DELIRIUM TREMENS - Narrativa Clássica de Loucura e Morte - Émile Zola



DELIRIUM TREMENS
Émile Zola
(1840 – 1902)


Cada dia Coupeau ficava mais feio. O veneno minava-o rudemente. O corpo, saturado de álcool, encolhia-se como os fetos conservados em frascos nas farmácias, e estava tão magro que, quando se punha diante de uma janela, a luz se via através das costas.

Com as faces caídas, os olhos asquerosos, destilando cera, capaz de abastecer uma catedral, só conservava florescente o nariz, formoso e vermelho, semelhando um cravo no meio de sua cara devastada.

Os que lhe sabiam a idade, 40 anos completos, experimentavam calafrio ao vê-lo passar corcovado, velho como as ruinas.

E o tremor das mãos aumentava, sobretudo a direita.
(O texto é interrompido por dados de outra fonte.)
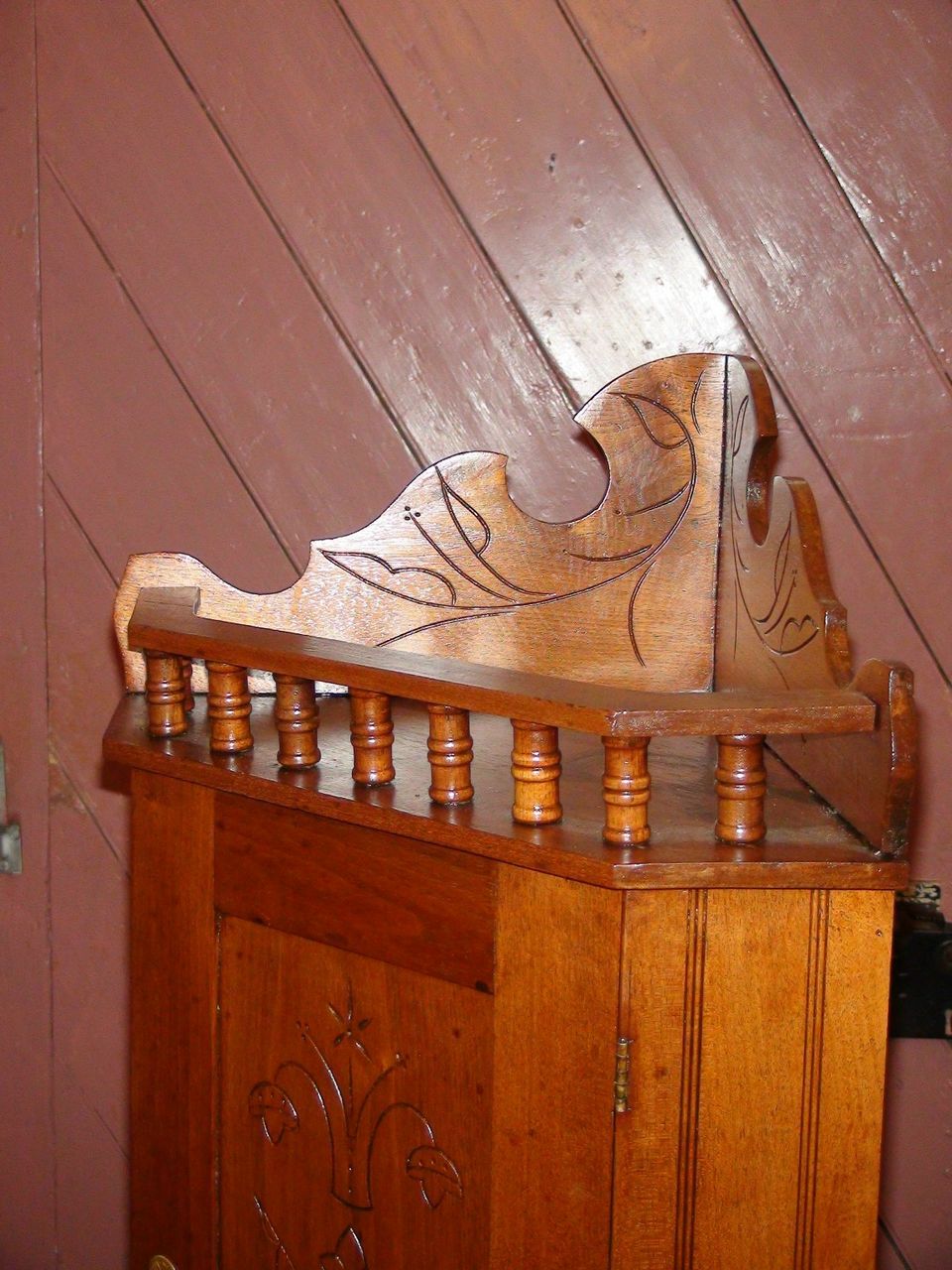 Antique 19th Century Hanging Walnut Corner Medicine Cabinet Antique 19th Century Hanging Walnut Corner Medicine Cabinet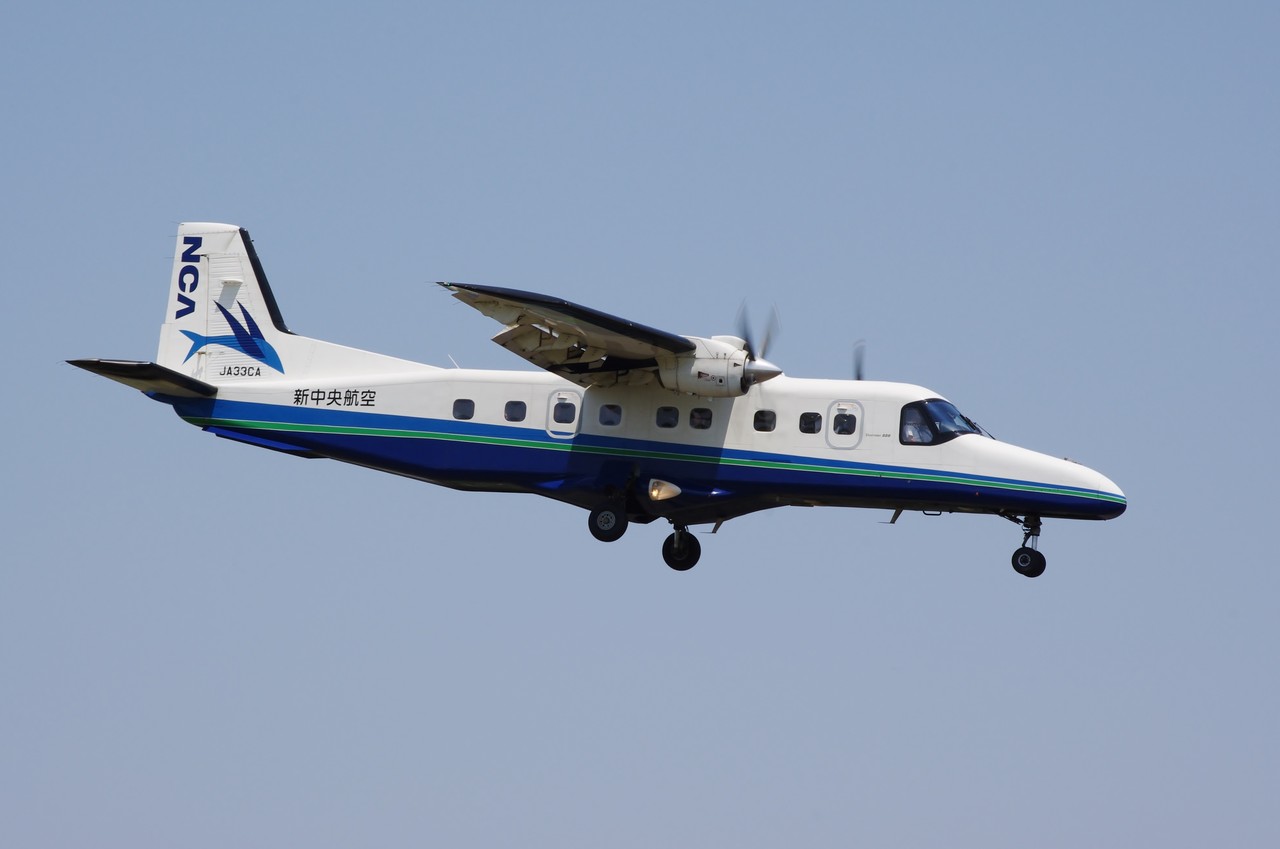 ドルニエ228昼の着陸編 13 05 05 武蔵野の森公園 ロロちゃんが撮った飛行機たち ドルニエ228昼の着陸編 13 05 05 武蔵野の森公園 ロロちゃんが撮った飛行機たち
Esta mão de tal modo estremecia que alguns dias se via obrigado a agarrar o copo com a ajuda da outra para leva-lo à boca. Oh, aquele diabólico tremor era a única coisa que o amedrontava  no meio de seu embrutecimento geral!

Ouviam-no grunhir injurias contra as mãos. Outras vezes, punha-se muitas horas a contemplar seu balanceio, vendo-as saltar como rãs, sem dizer nada, sem se enfadar, como se buscasse a explicação do mecanismo interior que as fazia obrigar a saltar daquela forma.

Passado algum tempo, a sua voz mudou por completo, como se a aguardente lhe tivesse posto nova música na garganta. Ficou surdo de um ouvido. Depois de poucos dias, a sua vista enfraqueceu a tal ponto que era preciso agarrar-se ao corrimão para não descer a escada aos trambolhões. Sofria dores de cabeça atrozes, vertigens que lhe faziam ver estrelas. De repente, era acometido de dores agudas nos braços e nas pernas, bramia como doido se se via obrigado a sentar-se numa cadeira, até que  uma vez o seu braço ficou paralítico um dia inteiro.

Em muitas ocasiões, teve que ficar na cama enrodilhado, ocultando-se debaixo da roupa, com o respirar forte e continuo de animal enfermo. Depois, inquieto, torturado por febre ardente, revoltava-se em loucos furores, rasgava a blusa e mordia os móveis com as suas mandíbulas em concussão, então comovia-se num grande enternecimento, exalando queixumes de criança, soluçando e lamentando-se  de que ninguém o estimava.

 Uma noite, sua mulher e filha, que regressavam juntas, não o encontraram na cama. No seu lugar, o infeliz tinha deitado o almofadão. E quando o acharam oculto entre o leito e a parede, rangia os entes e dizia que uns homens o viriam assassinar.

As duas mulheres tiveram que o tornar a deitar, tranquilizando-o como se ele  fosse um menino.

Certo dia, em que a mulher foi visita-lo no hospital, o médico  interrogou-a.

— O pai deste homem embebedava-se?

— Sim, senhor, um bocado. Morreu caindo de um telhado abaixo, num dia em que estava bêbado.

—E a mãe bebia?

— Sim, senhor, um copo aqui, outro ali... Oh, a família era menos má... Um irmão morreu muito novo atacado de convulsões.

— Você também bebe?

Ela tartamudeou, defendeu-se, pôs a mão sobre o coração, como que dando sua palavra de honra.

— Bebe... Tome cuidado; está vendo aonde leva a bebida... No dia em que menos se espera, morre-se assim.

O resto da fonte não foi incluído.